Times have changed, and so has the dollar. Currency has gone digital. For a generation of digital natives, money is easy to move, and harder than ever to hold onto. 

Young Gen Zs convert allowance into Fortnite V-bucks. University students with the stomach for it, trade and buy blockchain-based cryptocurrencies, such as Ethereum, Bitcoin, and any of the 2786 others. 

Gen Z’s repay their friends using Venmo and Interac. They buy what they can’t afford using instalment loan credit alternatives, such as Affirm and Afterpay.

This easy, digital flow of money, combined with the rising costs of living, mean that the average Gen Z already carries $14,700 in debt before they’ve secured their first job. 

Gen Z will make up 40% of all consumers by 2020, and consumption has never looked more like a bloodsport. Thanks to Facebook, 22% of the average Insta feed is now #ad posts. Experts believe the average American sees between 4000 and 10 000 ads a day.

So, sure, it might be time to get an ad blocker, but the assault on the Wallets of Zs runs deeper still. As is the modern rite of passage, Zs struggle with student debt. It’s more expensive than ever to go to school. The Royal Bank of Canada found tuition at Canadian universities is 2.7 times what it was in 1990. In the US, prices have doubled, or tripled, since the ‘80s.
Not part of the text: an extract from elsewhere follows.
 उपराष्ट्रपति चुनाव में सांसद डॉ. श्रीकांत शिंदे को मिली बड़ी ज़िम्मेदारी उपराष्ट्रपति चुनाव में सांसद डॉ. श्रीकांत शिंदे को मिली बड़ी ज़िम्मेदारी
This all might be manageable if a debt-saddled graduate could find a cheap place to live.

#LOL

The average price of a single-family detached home in Greater Vancouver is more than 10 times what it was in 1980. In Toronto, it now takes 32 years to save enough for a downpayment. San Francisco is notorious. Median rent in that city is $3700/month. Buying a house requires an annual income of at least $172 000 USD.

Generation Z knows what it’s facing. In fact, they’re probably more informed about themselves than any generation that’s come before. Young people are asking for financial literacy in school, but it’s no longer enough to cover the basics in class. For Zs, financial literacy has to become a full time commitment. Because that’s how often their wallets, and their futures, are being targeted.